======== SOURCE DATA ========
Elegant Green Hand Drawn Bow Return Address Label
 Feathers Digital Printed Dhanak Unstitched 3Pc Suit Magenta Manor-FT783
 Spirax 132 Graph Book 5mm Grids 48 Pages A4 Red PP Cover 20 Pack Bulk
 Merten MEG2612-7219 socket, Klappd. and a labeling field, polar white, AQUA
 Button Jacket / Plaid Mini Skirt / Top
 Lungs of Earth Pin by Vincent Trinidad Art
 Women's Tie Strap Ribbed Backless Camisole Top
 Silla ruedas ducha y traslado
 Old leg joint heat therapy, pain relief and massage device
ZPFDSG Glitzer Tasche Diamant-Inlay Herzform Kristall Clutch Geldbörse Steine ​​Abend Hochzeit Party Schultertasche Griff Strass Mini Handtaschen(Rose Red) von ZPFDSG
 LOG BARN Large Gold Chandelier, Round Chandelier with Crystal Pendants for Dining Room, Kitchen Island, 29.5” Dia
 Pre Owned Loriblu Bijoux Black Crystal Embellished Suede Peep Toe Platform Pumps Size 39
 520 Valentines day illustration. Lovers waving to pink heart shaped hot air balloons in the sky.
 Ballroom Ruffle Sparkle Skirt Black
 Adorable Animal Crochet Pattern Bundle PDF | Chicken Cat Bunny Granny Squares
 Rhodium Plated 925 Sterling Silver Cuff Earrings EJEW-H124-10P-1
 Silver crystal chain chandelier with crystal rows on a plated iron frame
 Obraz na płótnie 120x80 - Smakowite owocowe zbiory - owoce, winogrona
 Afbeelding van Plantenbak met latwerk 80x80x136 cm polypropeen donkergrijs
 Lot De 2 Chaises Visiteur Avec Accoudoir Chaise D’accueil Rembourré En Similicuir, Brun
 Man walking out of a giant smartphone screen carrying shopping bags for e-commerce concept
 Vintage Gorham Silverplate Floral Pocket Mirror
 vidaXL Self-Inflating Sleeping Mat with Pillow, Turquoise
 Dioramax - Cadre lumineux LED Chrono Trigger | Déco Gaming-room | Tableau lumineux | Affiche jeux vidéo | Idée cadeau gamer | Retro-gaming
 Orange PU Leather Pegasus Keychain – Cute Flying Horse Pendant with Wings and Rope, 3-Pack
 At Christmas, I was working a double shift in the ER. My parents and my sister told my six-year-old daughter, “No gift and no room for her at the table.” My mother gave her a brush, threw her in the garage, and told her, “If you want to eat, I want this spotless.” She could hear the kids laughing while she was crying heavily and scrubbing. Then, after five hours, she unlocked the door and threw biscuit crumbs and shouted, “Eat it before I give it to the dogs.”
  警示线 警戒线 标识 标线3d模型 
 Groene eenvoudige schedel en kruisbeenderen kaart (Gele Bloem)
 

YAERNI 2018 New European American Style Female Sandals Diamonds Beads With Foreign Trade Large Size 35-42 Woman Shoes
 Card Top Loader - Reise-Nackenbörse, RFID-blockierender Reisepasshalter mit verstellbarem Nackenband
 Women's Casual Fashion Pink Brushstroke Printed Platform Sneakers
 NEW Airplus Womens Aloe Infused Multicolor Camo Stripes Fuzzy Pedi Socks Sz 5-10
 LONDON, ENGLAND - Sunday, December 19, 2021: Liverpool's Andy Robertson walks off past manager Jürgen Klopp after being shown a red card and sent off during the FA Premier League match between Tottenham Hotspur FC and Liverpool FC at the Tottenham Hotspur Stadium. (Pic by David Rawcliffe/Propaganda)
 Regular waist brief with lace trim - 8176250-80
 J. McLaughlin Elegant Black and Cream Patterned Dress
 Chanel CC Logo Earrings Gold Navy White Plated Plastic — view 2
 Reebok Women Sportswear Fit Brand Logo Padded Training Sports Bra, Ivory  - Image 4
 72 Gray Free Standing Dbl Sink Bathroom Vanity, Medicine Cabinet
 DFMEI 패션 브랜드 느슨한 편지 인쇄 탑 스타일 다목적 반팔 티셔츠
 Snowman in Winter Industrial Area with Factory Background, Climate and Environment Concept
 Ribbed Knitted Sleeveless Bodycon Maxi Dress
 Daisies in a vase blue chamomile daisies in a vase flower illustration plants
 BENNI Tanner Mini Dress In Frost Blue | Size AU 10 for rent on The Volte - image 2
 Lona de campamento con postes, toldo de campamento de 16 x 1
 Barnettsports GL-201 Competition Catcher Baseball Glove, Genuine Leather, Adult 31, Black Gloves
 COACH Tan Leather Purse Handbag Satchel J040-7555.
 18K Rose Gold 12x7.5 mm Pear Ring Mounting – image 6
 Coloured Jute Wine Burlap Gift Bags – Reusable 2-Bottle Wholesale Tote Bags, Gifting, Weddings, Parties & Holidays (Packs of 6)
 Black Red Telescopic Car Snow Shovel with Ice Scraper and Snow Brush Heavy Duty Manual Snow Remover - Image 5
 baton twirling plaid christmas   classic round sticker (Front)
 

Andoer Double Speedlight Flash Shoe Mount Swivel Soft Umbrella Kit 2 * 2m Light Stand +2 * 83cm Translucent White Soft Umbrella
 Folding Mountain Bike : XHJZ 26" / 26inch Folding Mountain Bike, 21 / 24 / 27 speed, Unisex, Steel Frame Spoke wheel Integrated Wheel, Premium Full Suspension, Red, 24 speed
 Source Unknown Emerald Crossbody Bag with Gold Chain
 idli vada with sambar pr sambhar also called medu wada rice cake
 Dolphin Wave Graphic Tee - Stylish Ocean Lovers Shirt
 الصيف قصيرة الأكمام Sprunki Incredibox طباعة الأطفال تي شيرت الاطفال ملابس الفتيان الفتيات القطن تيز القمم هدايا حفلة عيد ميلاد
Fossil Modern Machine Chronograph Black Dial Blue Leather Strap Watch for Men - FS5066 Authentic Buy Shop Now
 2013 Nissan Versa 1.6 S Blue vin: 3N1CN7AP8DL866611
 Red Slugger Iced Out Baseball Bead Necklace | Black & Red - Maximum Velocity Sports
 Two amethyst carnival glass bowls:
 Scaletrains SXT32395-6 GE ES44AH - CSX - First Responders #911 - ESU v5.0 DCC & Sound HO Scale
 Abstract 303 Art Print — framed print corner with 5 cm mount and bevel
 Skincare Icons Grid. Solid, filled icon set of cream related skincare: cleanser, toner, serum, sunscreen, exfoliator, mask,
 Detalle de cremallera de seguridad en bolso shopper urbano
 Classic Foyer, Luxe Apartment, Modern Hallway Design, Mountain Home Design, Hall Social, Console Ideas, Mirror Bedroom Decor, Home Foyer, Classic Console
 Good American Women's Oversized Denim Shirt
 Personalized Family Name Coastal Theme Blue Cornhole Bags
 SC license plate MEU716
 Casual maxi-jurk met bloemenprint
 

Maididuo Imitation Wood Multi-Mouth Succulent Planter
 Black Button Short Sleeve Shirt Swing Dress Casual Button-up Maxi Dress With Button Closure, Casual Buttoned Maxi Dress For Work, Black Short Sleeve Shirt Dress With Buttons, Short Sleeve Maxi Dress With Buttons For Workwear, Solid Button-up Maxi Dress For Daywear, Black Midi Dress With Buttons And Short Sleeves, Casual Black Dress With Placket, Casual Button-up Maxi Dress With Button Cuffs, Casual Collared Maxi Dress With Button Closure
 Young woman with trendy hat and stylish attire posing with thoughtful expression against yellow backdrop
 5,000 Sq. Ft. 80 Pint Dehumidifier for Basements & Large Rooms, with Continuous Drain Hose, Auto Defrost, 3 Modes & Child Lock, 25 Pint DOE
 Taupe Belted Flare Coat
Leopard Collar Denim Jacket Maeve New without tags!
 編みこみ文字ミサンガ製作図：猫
========
* YOUR OBJECTIVE:
What is asked for is an exact copy of the lines above from the one containing "Casual maxi-jurk met bloemenprint" through the one containing "Maididuo Imitation Wood", and only those.

* ANSWER SPACE:
 Casual maxi-jurk met bloemenprint
 

Maididuo Imitation Wood Multi-Mouth Succulent Planter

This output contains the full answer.